Da scheint es fast sinnvoller auf einen tierischen Ratgeber zurückzugreifen: „Achten Sie bei ihrem Liebling darauf, ob er die Ohren anlegt oder den Kopf wegdreht. Sollte dies der Fall sein, nähern Sie sich ihm nicht mit einer dominanten Geste.“ Klare Ansage mit wertvoller, weil richtiger Aussage. Beobachten Sie also ihre Herzallerliebste genau: sollte sie die Ohren anlegen und den Kopf…na ja, jetzt wissen Sie Bescheid. Sonst ist die Beißattacke vorprogrammiert. Manchmal haben Frauen übrigens nicht nur ein kleines bisschen Haue gern, sondern auch klare verbale Ansagen – das würde diverse Blutschlachten überflüssig machen – ganz ohne Wörterbuch.

Anhand dieser Körpersprache ist es für die rhetorisch unmotivierte bzw. unfähige, männliche Fraktion nun auch möglich, die Partnerin beim Sex leichter zu verstehen. Wenn sie also den Kopf wegdreht und dabei stöhnt heißt das nicht „Ja, mach’ weiter so!“, sondern „Mein Gott, lernt der denn nie dazu?“ Sollten sie darüber hinaus auch noch ein mögliches Knurren vernehmen, ziehen sie sich sinnvollerweise sofort zurück, es sei denn, sie legen es darauf an, die Dame ihrer Begierde zu einem vorgetäuschten Orgasmus zu verleiten.

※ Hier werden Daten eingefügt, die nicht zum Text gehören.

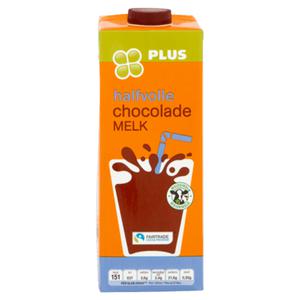 PLUS Fairtrade chocolademelk halfvol Doos pak 1 liter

Weiblichen Singles ist jedoch dringend davon abzuraten, an der eigenen Schlafzimmertüre ein Schild mit der Aufschrift „cave canem“ anzubringen! Auch nicht, wenn das Schild noch so dekorativ aussehen und farblich exakt zur Wandfarbe des Flures passen sollte!

Was man als Frau von einem männlichen Gegenüber zu halten hat, das ein T-Shirt mit der Aufschrift „Der tut nix, der will nur spielen“ trägt und keinen Vierbeiner an seiner Seite führt, kann nur im Einzelfall und nach ausreichender Beurteilung der Sachlage entschieden werden. Allerdings kann hier auch die Beobachtungsgabe weiterhelfen – zeitgleiches Schwanzwedeln könnte als Sympathie gewertet werden.

Angesichts empirischer, männlicher Verbalausfälle möchte frau ab und an ganz gerne lautstark in das Credo Judith Holofernes einstimmen: „…wenn Du schon auf den Mund fallen musst, warum dann nicht auf meinen – oh, bitte gib’ mir nur ein Wort…!“

Muss ja nicht gerade „ficken?“ sein.